Nur indirekt hat Wolfgang Schäuble in einem Interview mit der ZEIT auf die Frage geantwortet, ob der Rechtsstaat im Kampf gegen den Terrorismus bis an seine Grenzen oder Stichwort Guantánamo gar darüber hinaus gehen müsse (ZEIT Nr. 30/07). Der Bundesinnenminister beschränkte sich auf die Empfehlung, ein Buch dazu zu lesen, Selbstbehauptung des Rechtsstaats. Sein Autor: Otto Depenheuer. Klingt nicht nach Krimi, aber wenn Schäuble es sagt Also liest man.

In eine geradezu paranoid anmutende, extrem hermetische Gedankenwelt sieht man sich versetzt von dem Autor, einem Juraprofessor aus Köln, Direktor des Seminars für Staatsphilosophie und Rechtspolitik.

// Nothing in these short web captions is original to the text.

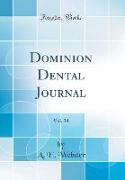 Dominion Dental Journal, Vol. 34 (Classic Reprint)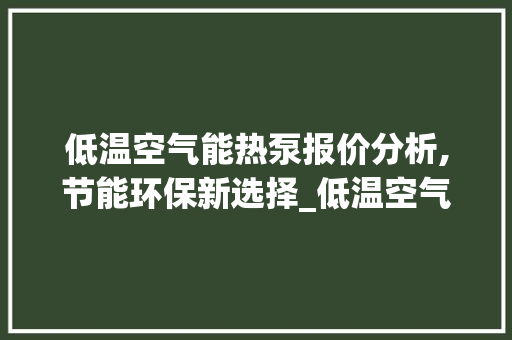 低温空气能热泵报价分析,节能环保新选择_低温空气能热泵报价 低温空气能热泵报价分析,节能环保新选择_低温空气能热泵报价 家电维修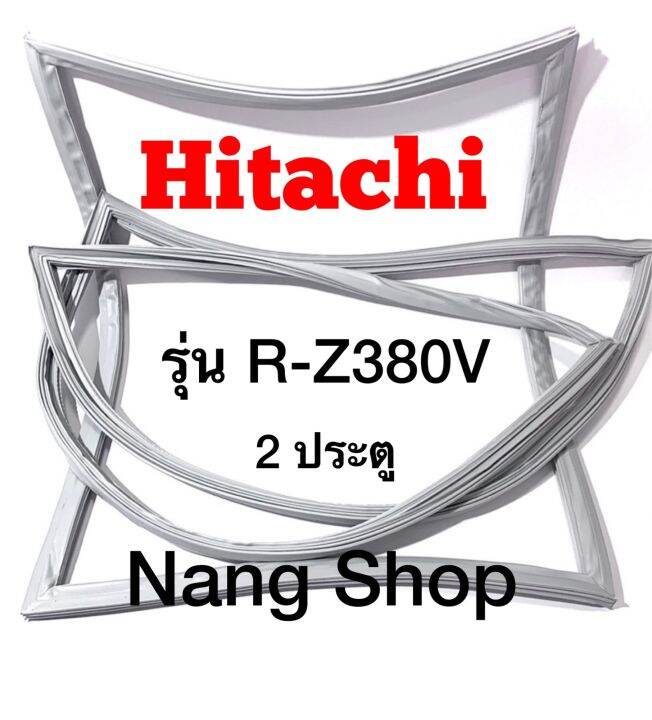 ขอบยางตู้เย็น-hitachi-รุ่น-r-z380v-2-ประตู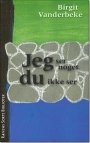 Omslag: Jeg ser noget du ikke ser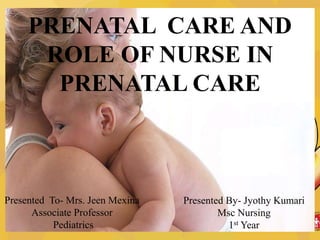 PRENATAL CARE AND
ROLE OF NURSE IN
PRENATAL CARE
Presented By- Jyothy Kumari
Msc Nursing
1st Year
Presented To- Mrs. Jeen Mexina
Associate Professor
Pediatrics
 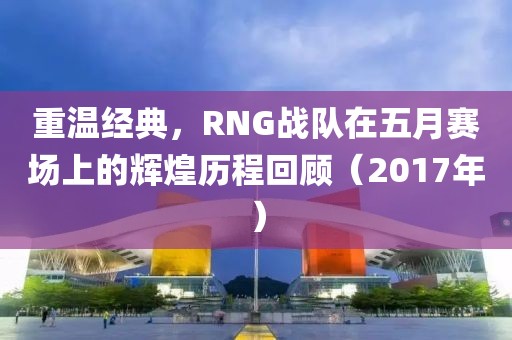 重温经典，RNG战队在五月赛场上的辉煌历程回顾（2017年）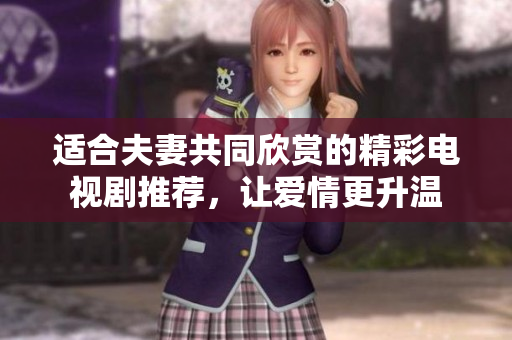 适合夫妻共同欣赏的精彩电视剧推荐，让爱情更升温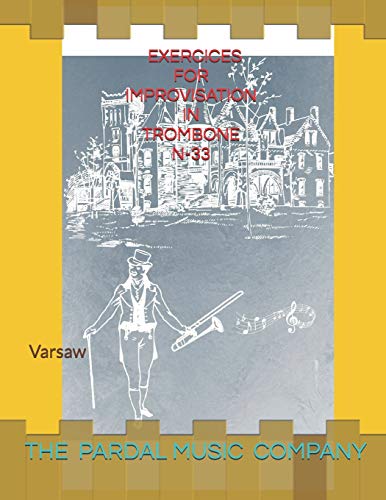 EXERCICES FOR IMPROVISATION IN TROMBONE N-33: Varsaw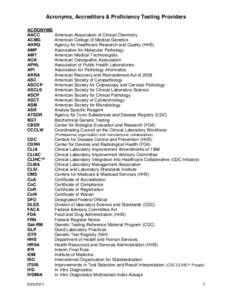 Acronyms, Accreditors & Proficiency Testing Providers ACRONYMS AACC ACMG AHRQ AMP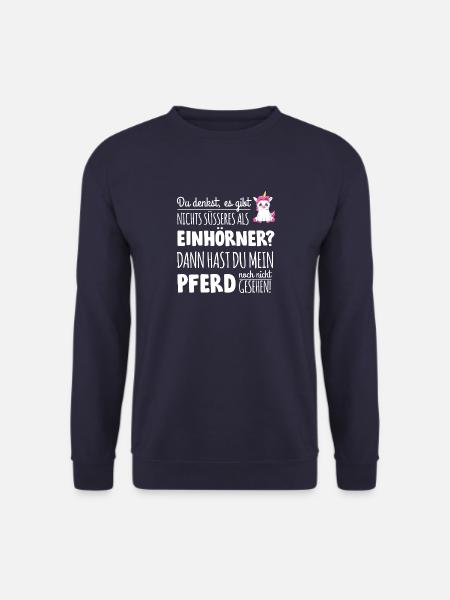 Pferdeliebhaber Shirt · Pferdesprüche · Geschenk - Unisex Pullover - Navy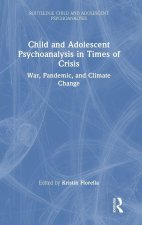 Child and Adolescent Psychoanalysis in Times of Crisis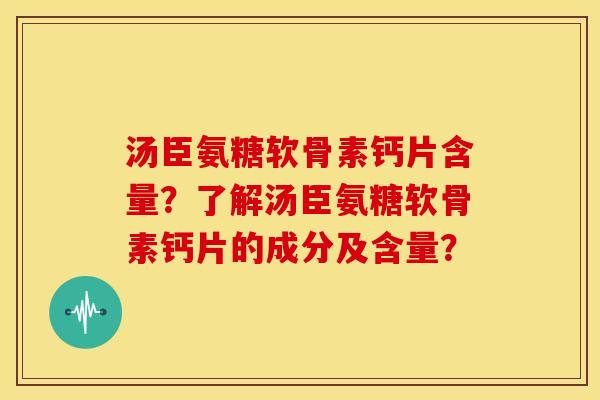 汤臣氨糖软骨素钙片含量？了解汤臣氨糖软骨素钙片的成分及含量？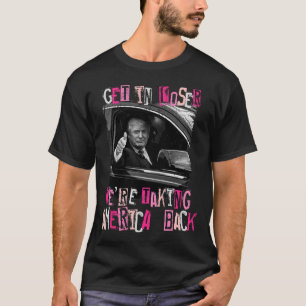 Get In Loser We Are Taking America Back Trump 2024 T-Shirt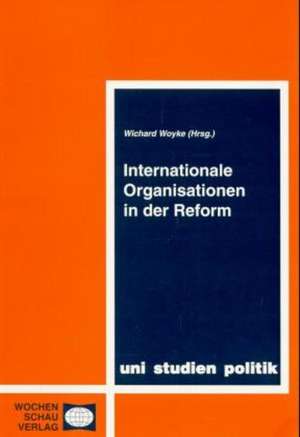 Internationale Organisationen in der Reform de Wichard Woyke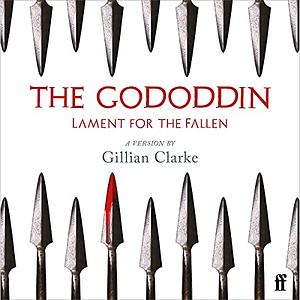 The Gododdin: Lament for the Fallen by Aneirin, Gillian Clarke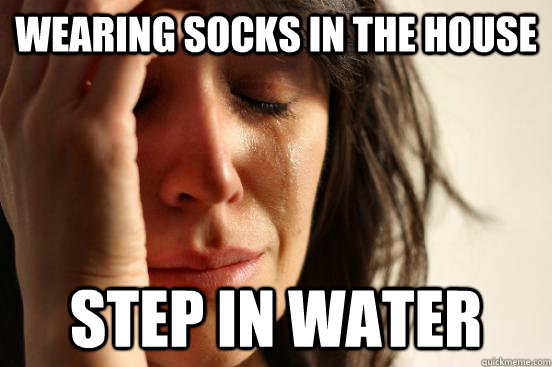 wearing socks in the house step in water  First World Problems
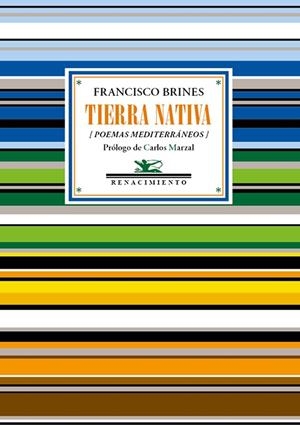 TIERRA NATIVA | 9788419617958 | BRINES, FRANCISCO | Galatea Llibres | Llibreria online de Reus, Tarragona | Comprar llibres en català i castellà online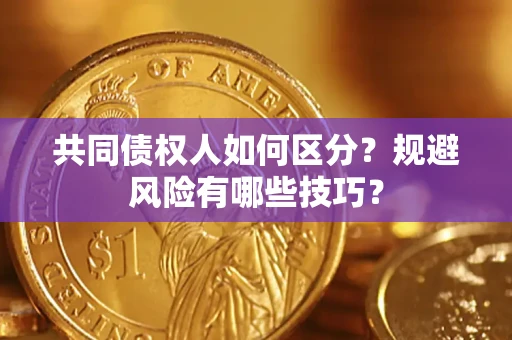 北京共同债权人如何区分？规避风险有哪些技巧？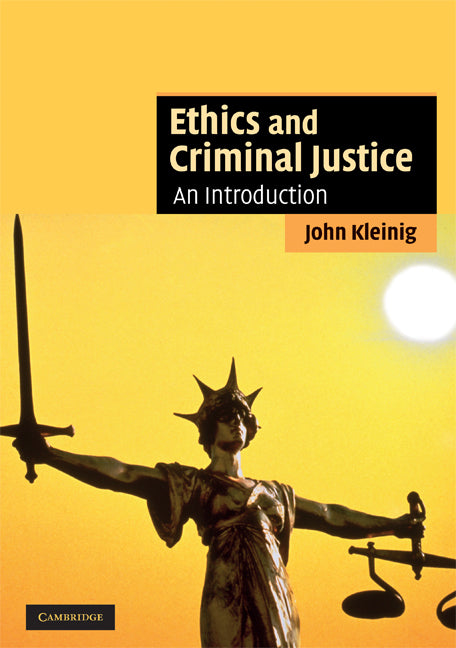 Ethics and Criminal Justice; An Introduction (Paperback) 9780521682831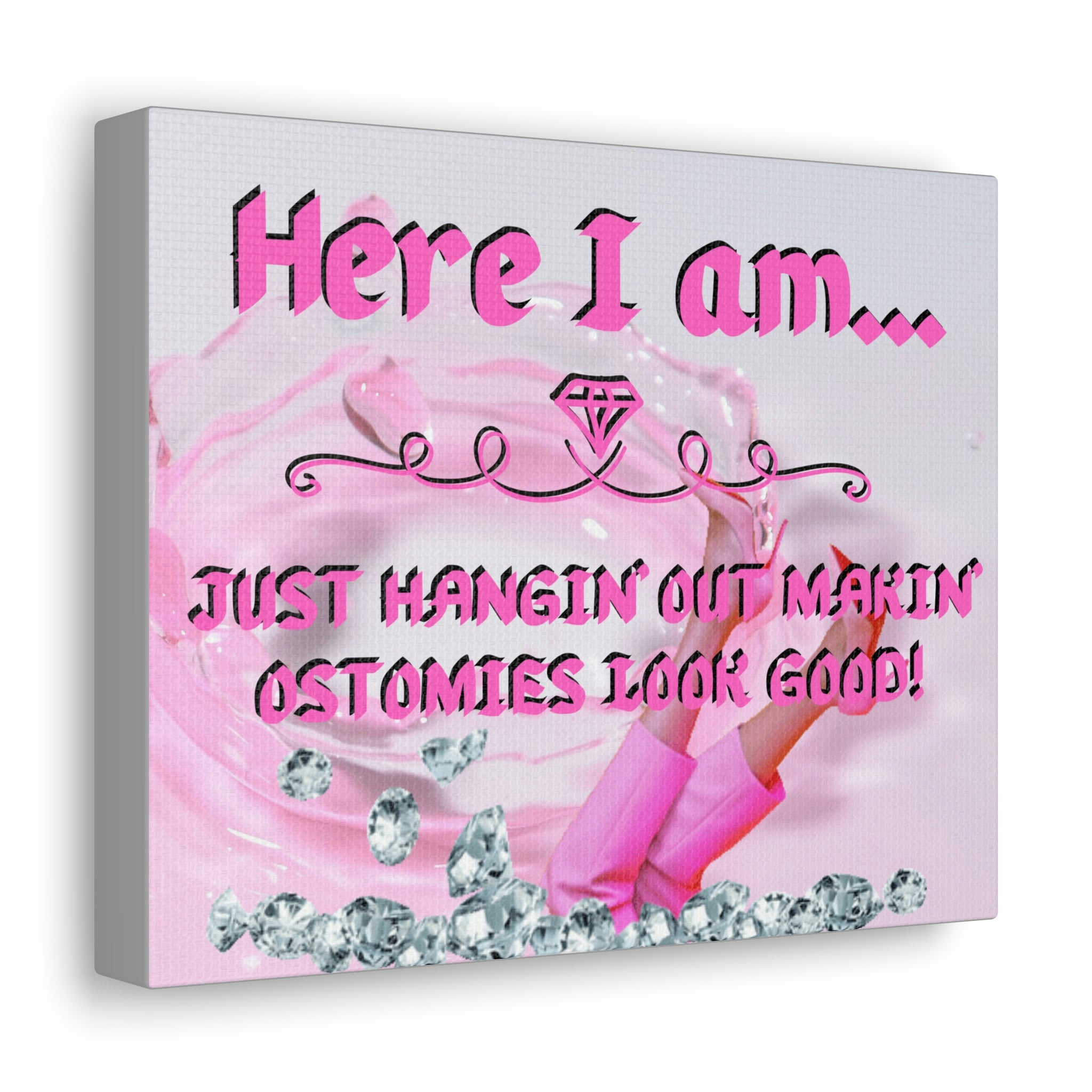 Makin' Ostomies Look Good (Canvas Gallery Wrap)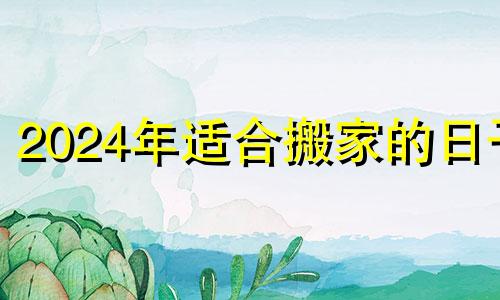 2024年适合搬家的日子 2022年上半年搬家吉日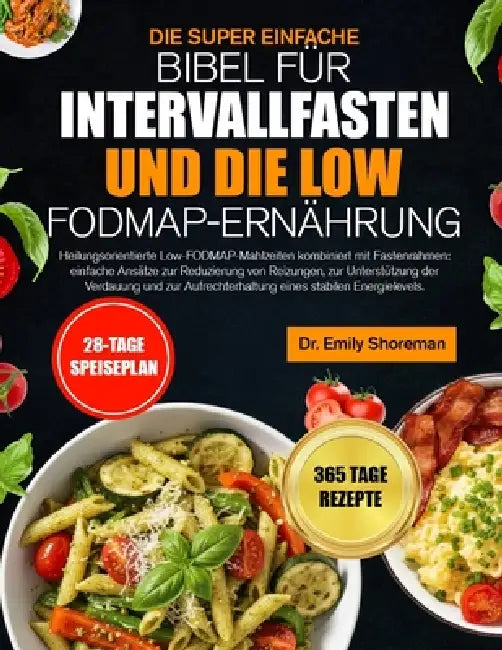 Die Super Einfache Bibel Für Intervallfasten Und Die Low-Fodmap-Ernährung by Emily Shoreman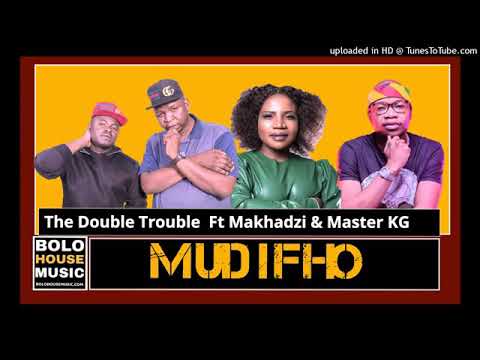 The double trouble ft makhadzi & master kg mudifho (original track)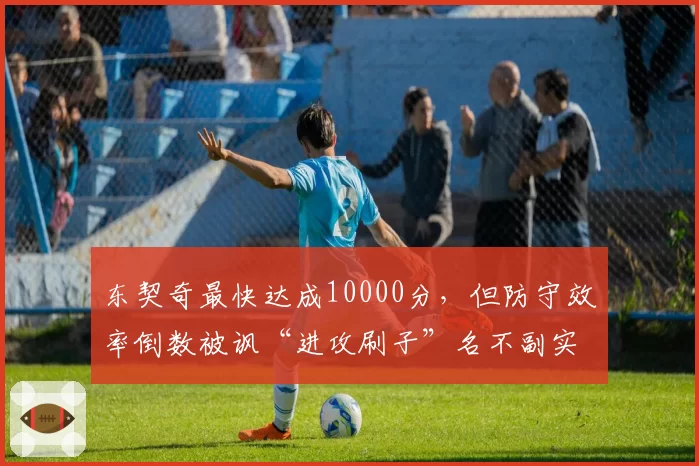 东契奇最快达成10000分，但防守效率倒数被讽“进攻刷子”名不副实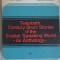TWENTIETH CENTURY SHORT STORIES OF THE ENGLISH SPEAKING WORLD. AN ANTHOLOGY-HERTHA PEREZ, IRINA BURLUI, DUM-231960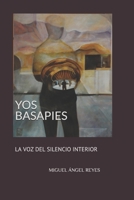 Yos Basapies : La Voz Del Silencio Interior 179659640X Book Cover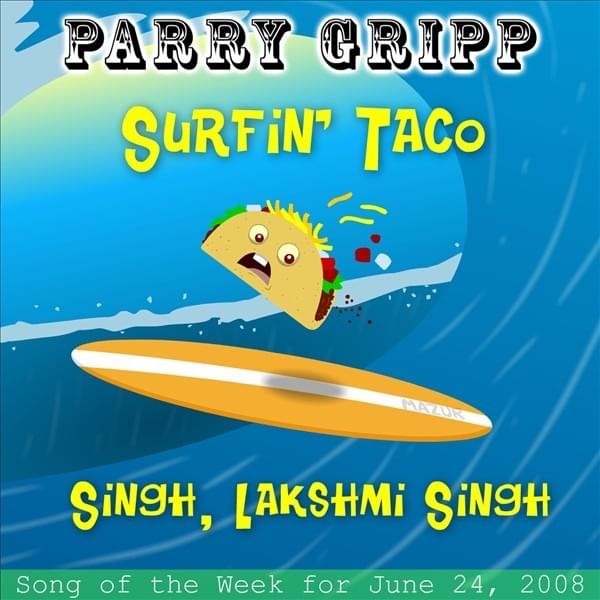 Album cover art for "Surfin’ Taco" by Parry Gripp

Highnoon ist nichts dagegen. Jener Zusammenprall der Kulturen, der Samuel Huntington zufolge droht, er findet aus Sicht des Autors längst statt. Mitten im »Zeitalter des Terrorismus« befänden wir uns, seien mit der »Realität eines weltweiten Bürgerkriegs konfrontiert«.

Handlungsoptionen, heißt es, müssten »ausgelotet« werden, wenn der Staat mit seinen »demokratischen und rechtsstaatlichen Drapierungen« sich nicht selbst aufgeben wolle. Wenn nicht, machten es andere »aber zu ihren Bedingungen, zu denen nicht Freiheit und Gleichheit, Rechtsstaat und Demokratie zählen müssen«. Wie man den »weltweiten Bürgerkrieg« garantiert verliert, illustriert aus seiner Sicht das Urteil des Bundesverfassungsgerichts, das am 15. Februar 2006 das geplante Luftsicherheitsgesetz für verfassungswidrig erklärte. In Paragraf 14 enthielt es die Ermächtigung, ein Flugzeug abzuschießen, »wenn nach den Umständen davon auszugehen ist, dass das Luftfahrzeug gegen das Leben von Menschen eingesetzt werden soll, und sie (die Einwirkung mit Waffengewalt, Anm. d. Red.) das einzige Mittel zur Abwehr dieser gegenwärtigen Gefahr ist«. Mit der Menschenwürde sei es nicht zu vereinbaren, befanden die Richter, die beim Abschuss getöteten Flugzeuginsassen mit den mutmaßlich Geretteten aufzurechnen.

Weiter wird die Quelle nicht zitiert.